With new phone hacking allegations against News of the World employees coming to light, questions over who is susceptible to voicemail hackings and what is being done to prevent future attacks are becoming increasingly important.
According to Sahba Kazerooni, the director of professional services at Security Compass, an information security firm, hackers are taking advantage of weak forgotten password questions.

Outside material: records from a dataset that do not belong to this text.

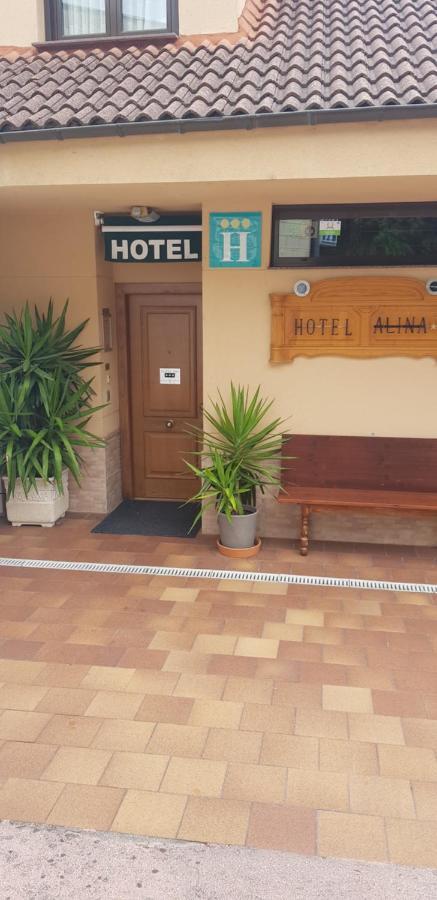 Hotel Alina 칸가스 델 나르세아 외부 사진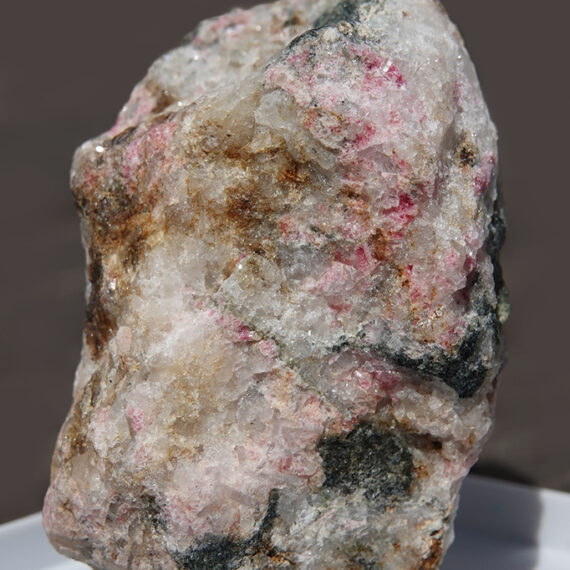 Tugtupite, aegyrine, chkalovite et sphalérite du Groenland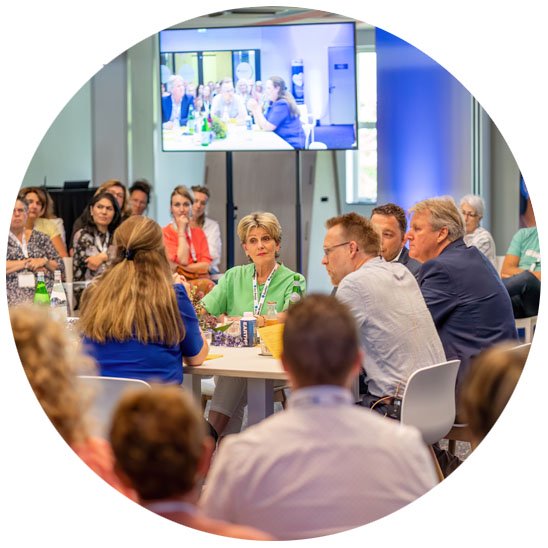 Vacatures voor audiciens in een kenniscentrum omringd door professionals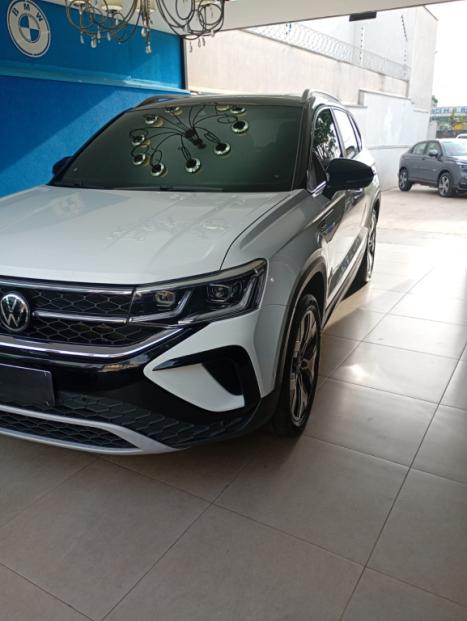 VOLKSWAGEN Taos 1.4 16V 4P FLEX 250 TSI HIGHLINE AUTOMÁTICO, Foto 2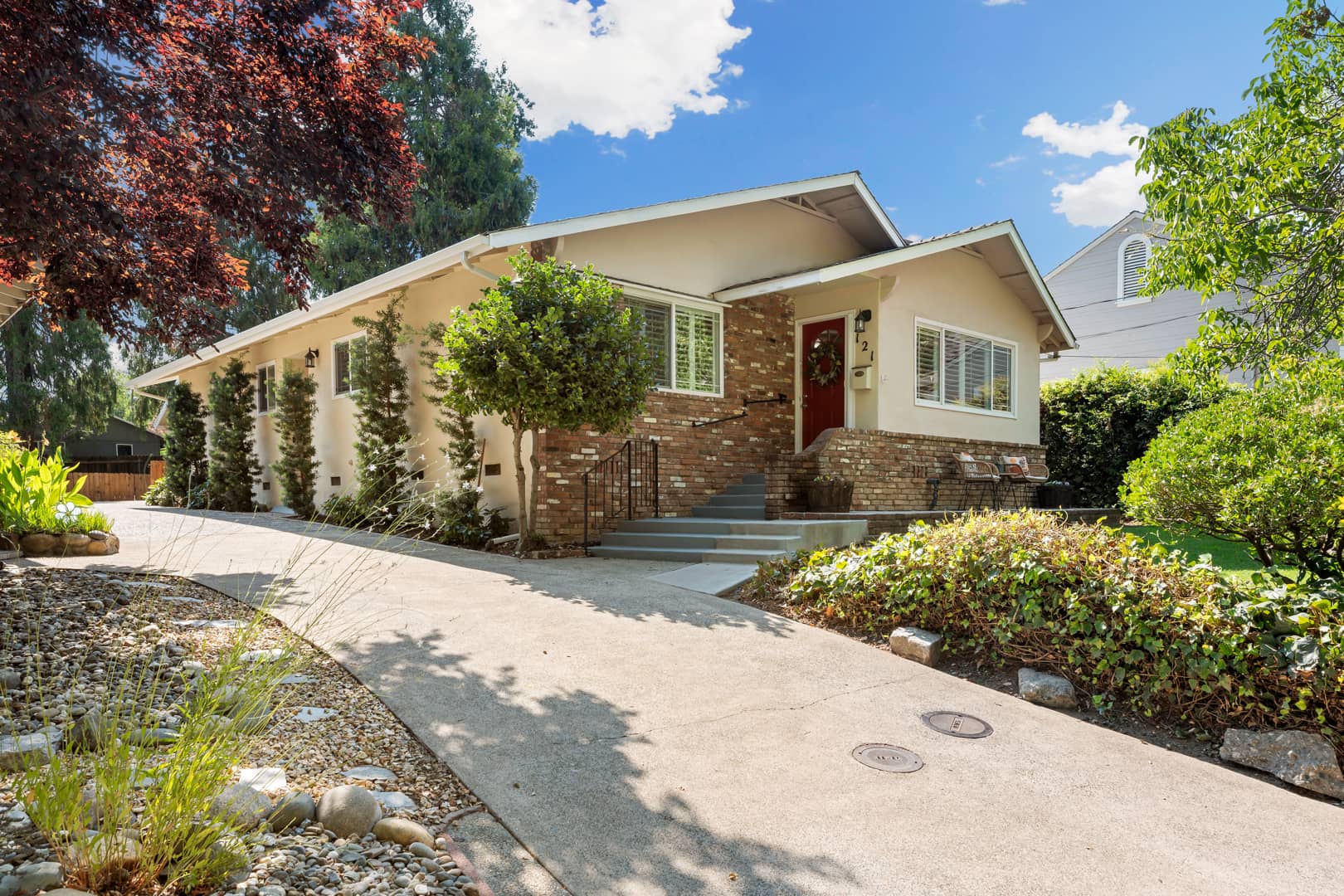 121 Park Dr, Roseville, CA 95678 on Vimeo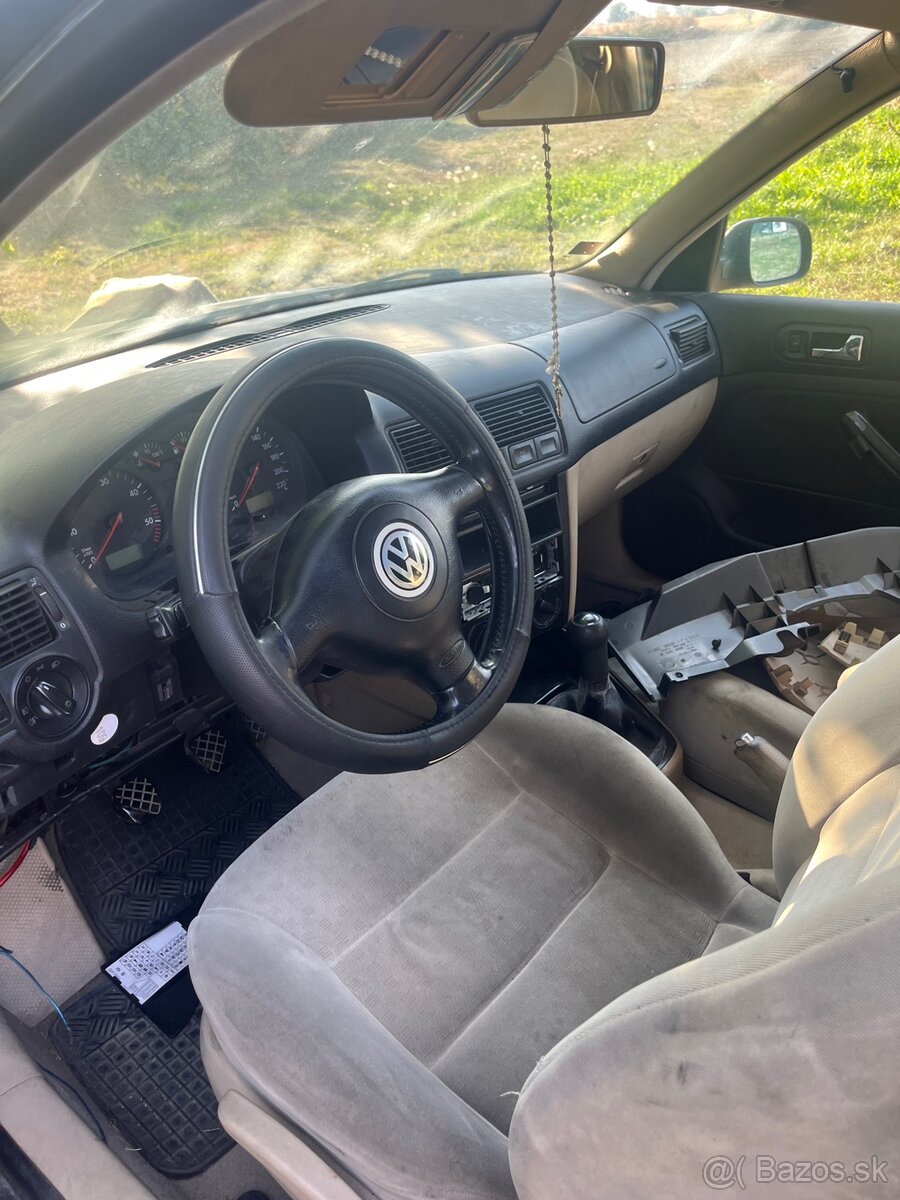 Golf 4 rozpredam 1.9 81kw - 4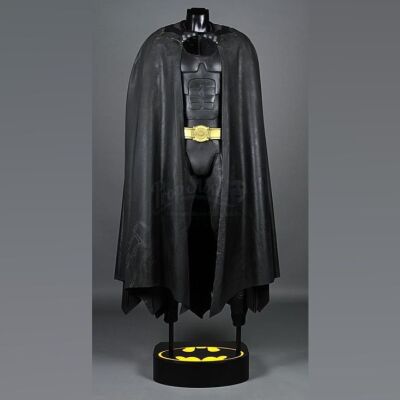 BATMAN RETURNS (1992) - Batman's Batsuit With Cape
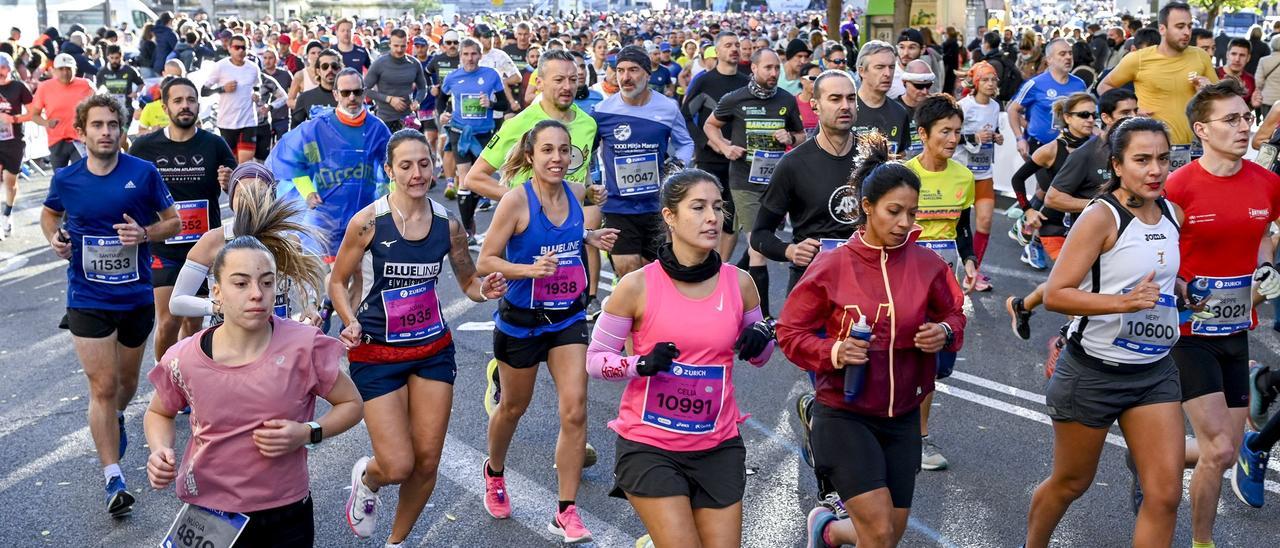 Un grupo de mujeres en el maratón de Barcelona.
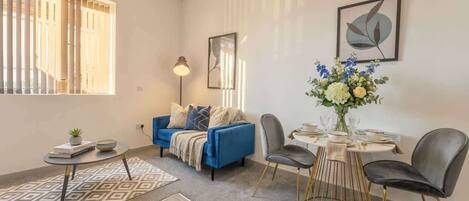 Téléviseur, bureau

“What happens is you call into the helpdesk and you ask to reset your password and they will probably ask you a secret phrase or question,” said Kazerooni. “Either that secret phrase can be weak or it can be something that can be easily guessable, something you can find in a public domain, or they will ask you a number of questions to try to identify you. For example what is your date of birth, phone number, and last four digits of social security number?”
The issue, according to Kazerooni, is that the answer to those types of questions aren’t usually kept very private or can usually be found in the public domain, such as court records. People will use that to reset your password.
Another issue involves carriers not having mandatory pins, or using pins that are pre-set and do not require updating. These pre-set pins are easily traceable online from carrier to carrier.
In recent years more carriers, including Vodafone, have required users to choose their own specific pin.
“Customers can only access their voicemail from their own phone or from another phone by using a pre-set pin code which they themselves have requested and set from their phone or which is a number generated at random by our system,” said Libby Pritchard, head of corporate reputation and responsibility for Vodafone. “If attempts are made to access voicemail with a different pin, the customer receives a text to alert them.”
Using a pin for voicemails is a relatively new requirement within most carriers, and many of these moves have been a direct result of alleged phone hackings in the past.
“After the first reports of phone hacking in 2006 by or on behalf of journalists, we put in place additional measures to protect our customers' privacy specifically designed to prevent the kind of unlawful intrusions that may have been committed by others in the past, said Pritchard. “We are confident that our voicemail system is secure.”
The phone hacking in 2006 involved a News of the World editor and investigator, who were both found guilty of hacking royal household phones and sent to jail. Throughout the years there have been multiple allegations of phone hacking on the publication, leading up to last month’s breaking scandal involving the alleged voicemail hacking of British soldiers killed in Iraq and Afghanistan, victims of the 7/7 British terrorist attacks, celebrities, and 13-year-old Milly Dowling, who was kidnapped and murdered in 2002.
Many of these hackings took place when voicemail security was not implementing pin codes, but according to Kazerooni more precautious, both by users and carriers should be taken. These precautions include requiring users to change passwords regularly, more complexity in the passwords (longer passwords), and notifying the user every time a pin is changed.